Medicare For All: The Good, The Bad, and The Questions

Observers of national politics, often become concerned, because the rhetoric, insufficiently – developed programs and concepts, and populist appeals (with very little chance of becoming law), take a larger place, over reasonable, realistic, focused, viable solutions. Recently, the vast majority of elected Republicans, have devoted significant efforts, to repealing and replacing the Affordable Care Act (known to many as Obamacare), although, their suggested replacements, seem to achieve little (other than political), because they have, potentially, reduced coverage, added costs (for thorough coverage), made unrealistic prejudgments (such as taking the least, at – risk, out of the overall pool, and claiming it won’t raise everyone else’s costs, etc). Despite their majority in Congress, previous bills have been narrowly defeated, although there appears, to be another effort, coming in the very near future. Approximately 15 to 20 Democrats and Independents, led by Senator Bernie Sanders, have suggested, replacing this process, with what the refer to, as Medicare For All. While this sounds like a wonderful idea, there are certain good aspect, some bad ones, and certainly, many questions and uncertainties!

1. The Good: Supporters will state, Universal Health Care/ coverage, is prevalent, in nearly every other nation, in the world!
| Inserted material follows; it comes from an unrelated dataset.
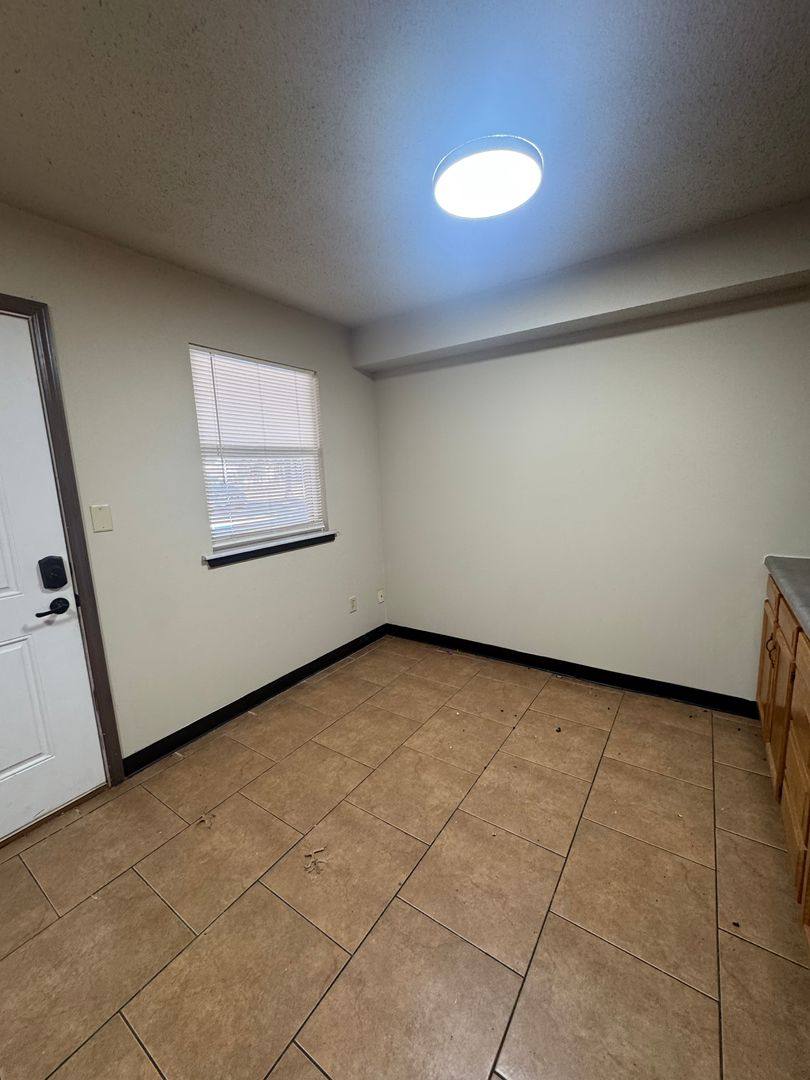 Apartment for rent at 4521-4533 W Bellview, Columbia, MO 65203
While I agree with the concept, which states, health care and medical coverage, should be a right, not a privilege, I also feel, any idea, must be looked at thoroughly, and we must rationally discover and understand, the positive, as well as, the unattractive consequences. While Medicare, itself, has been a popular program, we must also recognize, Senior citizens, paid taxes into it, for many decades, and there are monthly fees, to continue, what is known, as Part B (Medical coverage/ doctors). These fees are currently $134 per month. In addition, Part B coverage, only pays about 80% of the costs, so, to be covered, some sort of supplemental insurance, is needed, and must be privately procured/ purchased. There is little doubt, there is a need for improvement, but, is this the best approach, and how likely (or unlikely) is it, it could ever become law?
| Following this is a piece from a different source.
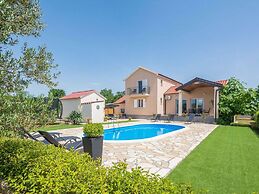 Peaceful Home in Policnik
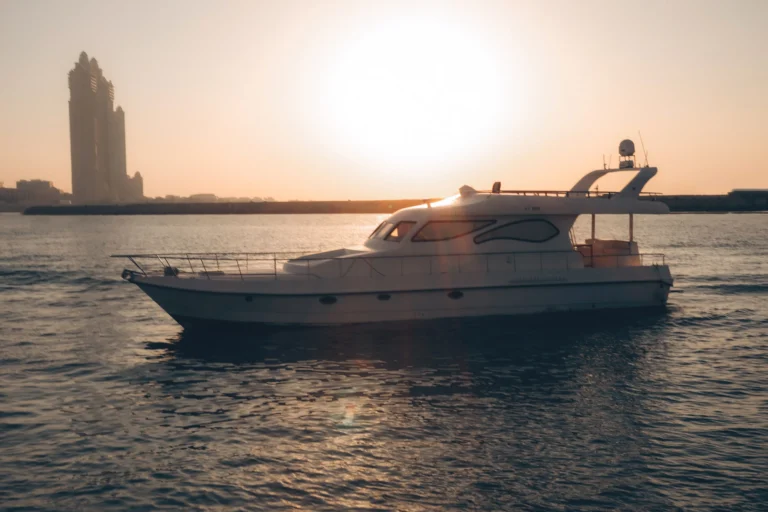 Bello Boat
2. The Bad: While there are certainly many flaws in privately – administered health insurance plans, the government has not, historically, been the greatest, or most efficient administrators. There is also a question, of what happens to the thousands of people, employed by the existing companies? In addition, we must be careful, to fully examine, review, understand, and consider, the precise, total costs, this might create. How will it be financed, and who will pay for it? Beware, when you are told, this will be cheap, and your insurance costs will become unrealistically low, because, you know what happens, when it’s too good, to be true! What will be the tax rate, how will the escalating costs of prescription drugs, malpractice insurance, etc, be addressed, etc? Also, why would we believe, Congress would ever approve this approach?

3. The Questions: So far, there are many more questions, than clear – cut solutions! Some of these include: How will it work?; What will happen to the existing Medicare program?; How will prescription drug costs (Medicare refers to these as Part D), which requires supplemental insurance coverage, be impacted?; How about hospital and malpractice costs/ expenses, be addressed?; etc. We can already hear, more conservative politicians, instilling fears and resisting, calling this idea, Socialist or Communist! How will the challenges faced in other nations, including waiting lines, two – tiered coverages, etc, be addressed? Even if the plan is better and more cost – effective, how will you get most Americans, to buy – into this approach! How about those who currently receive their health insurance coverage, from their employer – why would these people be willing to pay higher taxes? If this is funded via taxes, will it be, on the employee or employer, or both, and what about self – employed individuals? Who might make the decisions about allowable decisions, to assure these are based on health – related, medical needs, as opposed to political posturing?

As you can see, it’s often quite challenging, transforming an idea and/ or concept, to reality! This idea should be discussed, and considered, without bias and/ or prejudgment, but with eyes – wide – open!